Your complete guide to analysing National Sample Survey (NSSO) data

Saturday, 28 November 2015

Your complete guide to analysing National Sample Survey (NSSO) data

NSSO DATA ANALYSIS

Welcome!

Without wasting any of your precious time, we will take you through the process in steps, utilising India's 68th round NSSO as an example. All your queries will be answered within 3 days!

STEP-1 : Understanding the sampling methodology and calculation of sampling weights

Here, we will illustrate the methodology for sub samplewise estimates in rural sector for the consumer expenditure survey of the 68th round of NSSO (2012-13). Let's say we want to see the data for Meghalaya as in Fig 1.

Meghalaya has several districts as can be seen in the map below in Fig-2.

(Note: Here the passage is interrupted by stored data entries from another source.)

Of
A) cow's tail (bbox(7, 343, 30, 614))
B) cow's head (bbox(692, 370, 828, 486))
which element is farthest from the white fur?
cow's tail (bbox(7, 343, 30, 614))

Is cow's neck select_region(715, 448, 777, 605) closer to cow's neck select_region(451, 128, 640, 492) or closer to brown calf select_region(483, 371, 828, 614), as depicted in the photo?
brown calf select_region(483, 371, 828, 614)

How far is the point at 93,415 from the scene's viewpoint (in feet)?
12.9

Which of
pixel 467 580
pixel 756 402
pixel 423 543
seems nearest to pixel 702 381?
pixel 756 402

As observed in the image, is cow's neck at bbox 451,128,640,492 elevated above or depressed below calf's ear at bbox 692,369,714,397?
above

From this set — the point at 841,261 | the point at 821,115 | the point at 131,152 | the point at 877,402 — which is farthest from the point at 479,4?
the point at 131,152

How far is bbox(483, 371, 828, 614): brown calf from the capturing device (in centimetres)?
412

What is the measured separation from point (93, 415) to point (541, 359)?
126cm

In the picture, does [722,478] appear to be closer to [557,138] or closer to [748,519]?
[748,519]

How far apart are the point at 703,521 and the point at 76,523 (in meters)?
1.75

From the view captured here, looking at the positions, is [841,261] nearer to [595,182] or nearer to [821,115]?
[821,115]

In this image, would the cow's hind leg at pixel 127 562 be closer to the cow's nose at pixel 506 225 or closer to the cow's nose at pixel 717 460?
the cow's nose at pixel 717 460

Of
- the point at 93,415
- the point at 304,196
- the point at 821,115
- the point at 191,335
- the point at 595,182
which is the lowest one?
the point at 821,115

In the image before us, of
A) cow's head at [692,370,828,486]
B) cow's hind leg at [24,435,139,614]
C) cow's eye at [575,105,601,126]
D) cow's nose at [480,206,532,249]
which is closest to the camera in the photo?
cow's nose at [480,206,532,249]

NSSO has a concept of NSS State-Region: An NSS state-region is a contiguous group of districts within a State having similar topography, agro-economic characteristics and population densities. For bigger States, the number of regions goes up to 7 while for smaller States/UTs, there is only one region. The regions have some distinctive geographical features and climatic conditions and this makes the regional estimates more meaningful and useful in some respects. The boundaries of a region generally do not cut across district boundaries or State boundaries.A region may comprise a single district for small States/UTs but for larger States, there may be 10-12 districts in a region.
In our example above, the entire State of Meghalaya has been assigned as only one region viz. NSS-SR= 171. Check out Fig-5 below,

Central Sample & State Samples: In most NSS rounds, survey for the State sample is done by the respective State Govts, while for the Central sample it is done by NSSO. State samples & Central samples are drawn separately or allocated separately.

For rural India, 59,695 households (SSU, explained later) were selected from 7, 469 villages (PSU,explained later) selected from the country were sample surveyed under the Central sample. Subsequently we will discuss only about central samples.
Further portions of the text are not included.